Yes the above is all confirmed...


----------



## ragga (Jan 23, 2005)

the only project i really like in this is JBC, but then again, i dont know too much about JLT, just that there are 15 commercial towers, and 5 of them are taken by JBC, one by fortune, lol


----------



## THE DUBAI GUYS (Aug 5, 2004)

Jumeirah Lake Towers becomes free zone

By Mohammad Ezz Al Deen, Staff Reporter


Dubai: Jumeirah Lakes Towers (JLT), a 79-tower cluster of residential and commercial properties, has become a free zone, marking the creation of the first mixed-use free zone development in Dubai.

Nakheel, the developers of the 200-hectare real estate development that hosts 79 towers adjacent to Shaikh Zayed Road in the heart of 'new' Dubai, had announced yesterday the details of the regulations governing activities in the project along with a new brand identity.

Ahmad Bin Sulayem, general manager of JLT, told Gulf News that the free zone development will also be a freehold project.

"Dubai's Land Department confirmed that the owners of the units will enjoy full freehold rights announced in Dubai's property law issued in March 2006," said Bin Sulayem.

He did not mention an exact number for the total investment of the project.

"Many developers are taking part in the project, the cost is changing from one tower to another, and every developer has its statistics," he added.

JLT is expected to cater to the broadest range of knowledge businesses in the emirate, and will include offices, hotels, restaurants and leisure facilities in addition to residential towers.

The project is expected to be completed by the end of 2008.

"We have taken extensive care to ensure that major infrastructure services are substantially complete.

The lateral service that runs to each of the plots is in progress and in line with the priorities for each of the towers," said Bin Sulayem.

The Dubai Multi Commodities Centre Authority will be providing government services of company registration, licensing and immigration services to tenants/residents of JLT for the development.


R


----------



## THE DUBAI GUYS (Aug 5, 2004)

Jumeirah Lakes Towers announces free zone status to resident businesses
[Wednesday, July 19, 2006 12:55:00 pm]










Jumeirah Lakes Towers (JLT), the rapidly emerging 200-hectare real estate development adjacent to Sheikh Zayed Road in the heart of ‘new’ Dubai, will offer free zone status to resident businesses, marking the creation of the first mixed-use free zone development in Dubai.

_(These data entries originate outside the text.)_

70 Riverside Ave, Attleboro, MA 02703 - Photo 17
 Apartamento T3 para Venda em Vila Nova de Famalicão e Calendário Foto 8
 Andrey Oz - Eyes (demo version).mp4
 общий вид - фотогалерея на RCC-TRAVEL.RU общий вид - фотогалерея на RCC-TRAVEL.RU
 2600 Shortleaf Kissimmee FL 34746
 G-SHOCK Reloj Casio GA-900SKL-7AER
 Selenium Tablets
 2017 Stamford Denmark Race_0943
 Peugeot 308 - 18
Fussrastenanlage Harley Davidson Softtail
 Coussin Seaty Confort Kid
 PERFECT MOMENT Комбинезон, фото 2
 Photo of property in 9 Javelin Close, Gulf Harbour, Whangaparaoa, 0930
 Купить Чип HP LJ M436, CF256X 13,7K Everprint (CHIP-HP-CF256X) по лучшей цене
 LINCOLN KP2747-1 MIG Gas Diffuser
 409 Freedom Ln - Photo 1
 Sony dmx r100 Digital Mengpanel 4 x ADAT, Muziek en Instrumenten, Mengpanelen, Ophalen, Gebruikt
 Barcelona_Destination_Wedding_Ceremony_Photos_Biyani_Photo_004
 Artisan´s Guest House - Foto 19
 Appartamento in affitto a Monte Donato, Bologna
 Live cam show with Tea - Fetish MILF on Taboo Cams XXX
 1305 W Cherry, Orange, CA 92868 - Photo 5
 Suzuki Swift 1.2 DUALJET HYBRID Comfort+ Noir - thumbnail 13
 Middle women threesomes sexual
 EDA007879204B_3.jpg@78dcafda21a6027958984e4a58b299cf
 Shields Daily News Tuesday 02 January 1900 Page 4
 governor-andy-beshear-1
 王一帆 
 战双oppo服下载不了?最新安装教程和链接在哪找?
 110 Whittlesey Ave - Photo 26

Details of the regulations governing activities in JLT were unveiled today along with the new brand identity during a developers meet at the Jumeirah Emirates Towers.

JLT, which comprises 79 towers, is expected to cater to the broadest range of knowledge businesses in the Emirate, and will include offices, hotels, restaurants and leisure facilities in addition to residential towers. The project is expected to be completed by the end of 2008.

“Jumeirah Lakes Towers marks a significant departure from the single industry-specific free zone development that has been the norm in Dubai,” said Ahmed bin Sulayem, newly appointed General Manager of JLT. “The JLT development which will cater to both individuals and companies will encourage the creation of a new community related to the service sector,” he added.
A new identity has been launched for the project, symbolizing the lakes around which the development has been designed. Four winding, man-made lakes, stretching to approximately 255,000 square metres create a vibrant waterfront environment and provide stunning views from the towers, which will be clustered in groups of three.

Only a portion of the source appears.